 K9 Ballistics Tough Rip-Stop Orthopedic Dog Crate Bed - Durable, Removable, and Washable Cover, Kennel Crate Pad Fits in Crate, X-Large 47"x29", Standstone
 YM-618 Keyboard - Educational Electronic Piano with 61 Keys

---

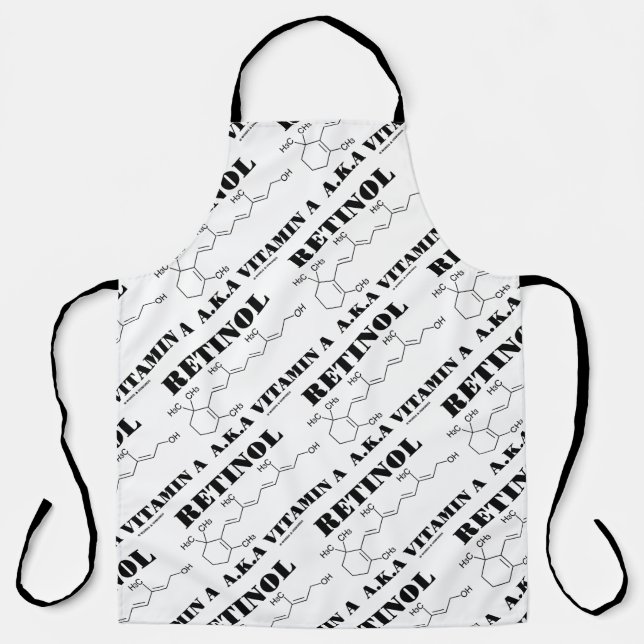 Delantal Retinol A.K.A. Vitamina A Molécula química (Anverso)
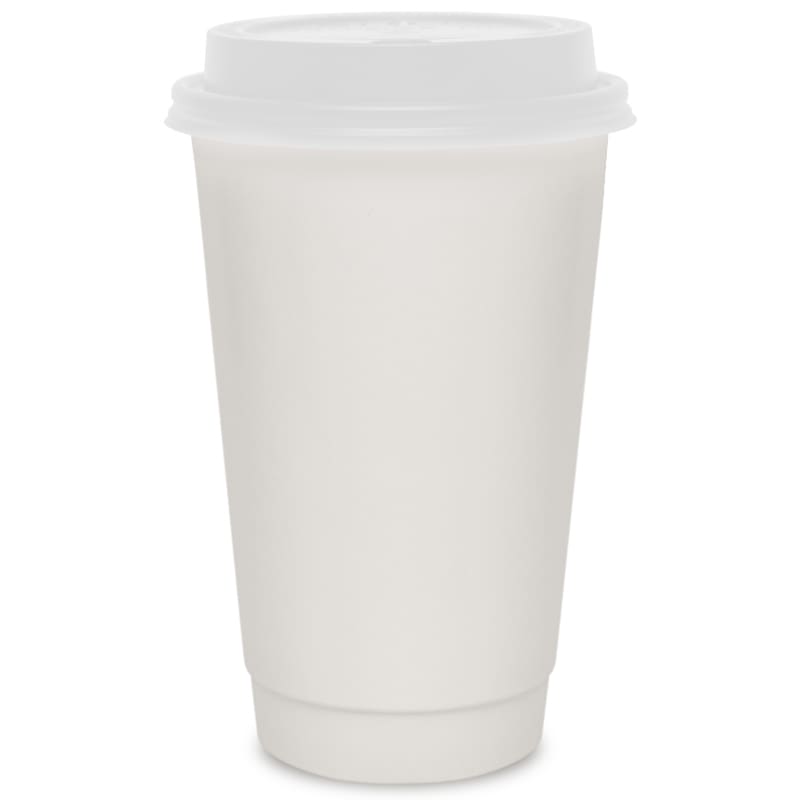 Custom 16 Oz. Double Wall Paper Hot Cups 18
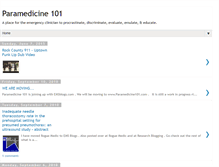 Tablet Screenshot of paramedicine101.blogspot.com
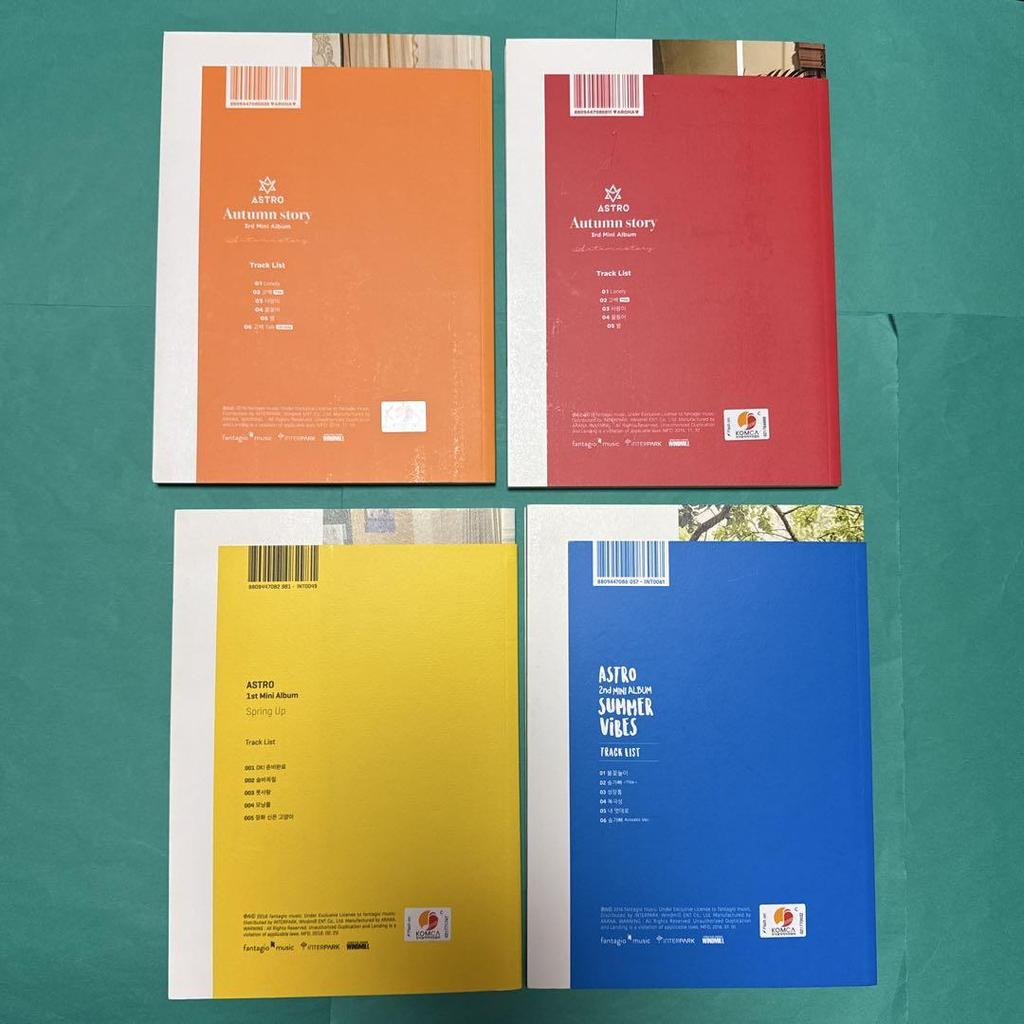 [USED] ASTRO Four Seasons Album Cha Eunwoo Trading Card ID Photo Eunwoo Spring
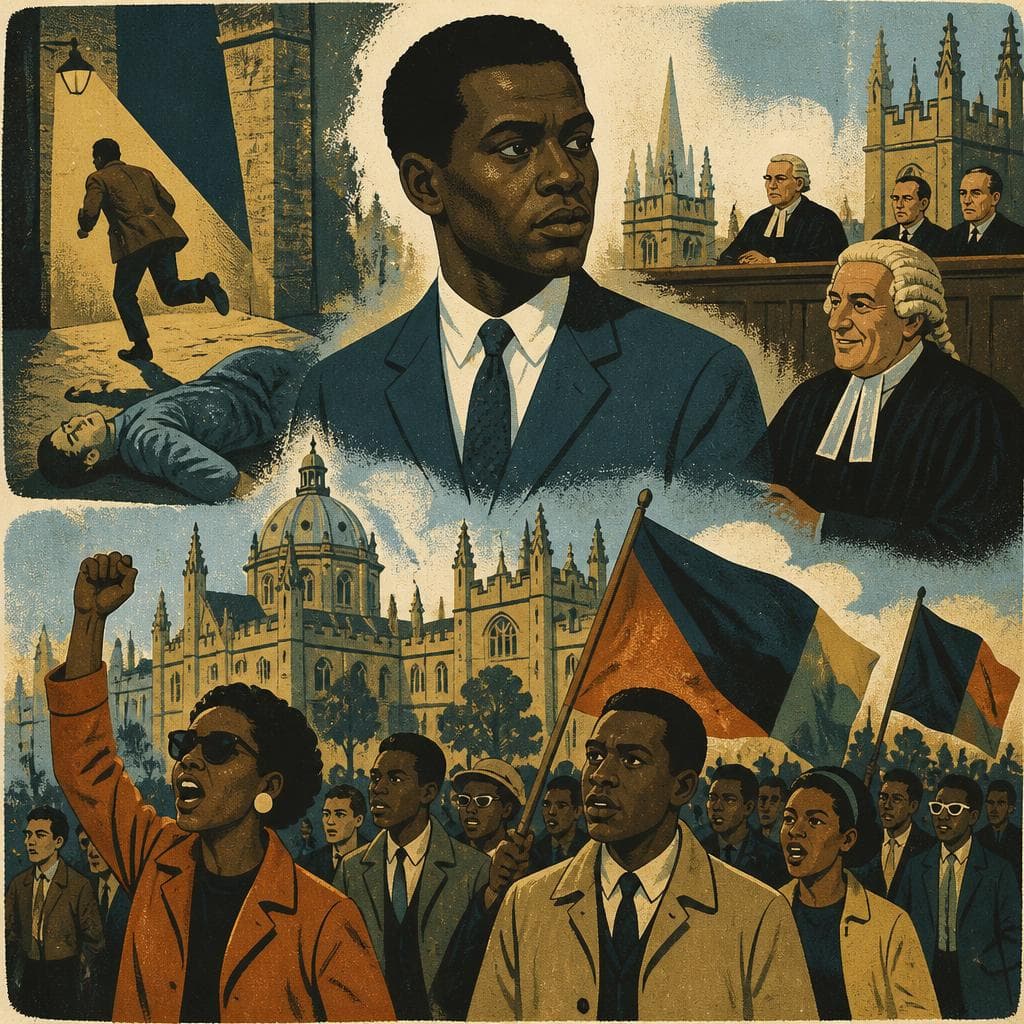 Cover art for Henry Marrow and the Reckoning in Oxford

▸ What you will do
Leave the pictures out, and transcribe exactly the lines above starting at the one that contains "Delantal Retinol A.K.A." and ending at the one that contains "Cover art for".

▸ Answer to this task
 Delantal Retinol A.K.A. Vitamina A Molécula química (Anverso)
 Custom 16 Oz. Double Wall Paper Hot Cups 18
 Tablet Screenshot of paramedicine101.blogspot.com
 [USED] ASTRO Four Seasons Album Cha Eunwoo Trading Card ID Photo Eunwoo Spring
 Cover art for Henry Marrow and the Reckoning in Oxford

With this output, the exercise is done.